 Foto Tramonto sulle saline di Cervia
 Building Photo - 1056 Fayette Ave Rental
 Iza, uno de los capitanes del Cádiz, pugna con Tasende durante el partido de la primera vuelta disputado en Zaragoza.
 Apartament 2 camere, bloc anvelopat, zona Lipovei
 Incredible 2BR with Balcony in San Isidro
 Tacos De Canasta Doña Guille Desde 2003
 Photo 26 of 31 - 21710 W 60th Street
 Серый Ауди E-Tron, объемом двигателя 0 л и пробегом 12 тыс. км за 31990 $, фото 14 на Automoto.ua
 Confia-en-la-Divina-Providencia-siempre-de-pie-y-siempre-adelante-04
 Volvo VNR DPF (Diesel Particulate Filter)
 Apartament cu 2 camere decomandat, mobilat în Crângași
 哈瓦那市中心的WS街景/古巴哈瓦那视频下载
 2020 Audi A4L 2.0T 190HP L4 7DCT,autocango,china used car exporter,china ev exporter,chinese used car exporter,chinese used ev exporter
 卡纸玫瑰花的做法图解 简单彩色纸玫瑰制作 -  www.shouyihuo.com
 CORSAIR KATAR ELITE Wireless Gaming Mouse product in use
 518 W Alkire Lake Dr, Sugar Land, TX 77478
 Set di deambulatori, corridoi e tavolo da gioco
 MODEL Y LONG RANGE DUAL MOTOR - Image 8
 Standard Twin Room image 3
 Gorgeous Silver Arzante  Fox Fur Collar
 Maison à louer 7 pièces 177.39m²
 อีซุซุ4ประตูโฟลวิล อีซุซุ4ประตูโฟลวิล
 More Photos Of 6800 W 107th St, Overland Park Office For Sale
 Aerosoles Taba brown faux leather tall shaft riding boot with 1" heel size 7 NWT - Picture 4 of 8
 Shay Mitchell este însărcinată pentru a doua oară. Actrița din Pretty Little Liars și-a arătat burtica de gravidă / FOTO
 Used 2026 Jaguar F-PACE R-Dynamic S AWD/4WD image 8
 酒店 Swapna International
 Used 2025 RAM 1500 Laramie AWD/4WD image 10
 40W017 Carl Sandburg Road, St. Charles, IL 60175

• TASK PROMPT: Check each line of the data above for the string "with", and copy the ones that have it.

• ANSWER TO THE PROBLEM:
 Incredible 2BR with Balcony in San Isidro
 Aerosoles Taba brown faux leather tall shaft riding boot with 1" heel size 7 NWT - Picture 4 of 8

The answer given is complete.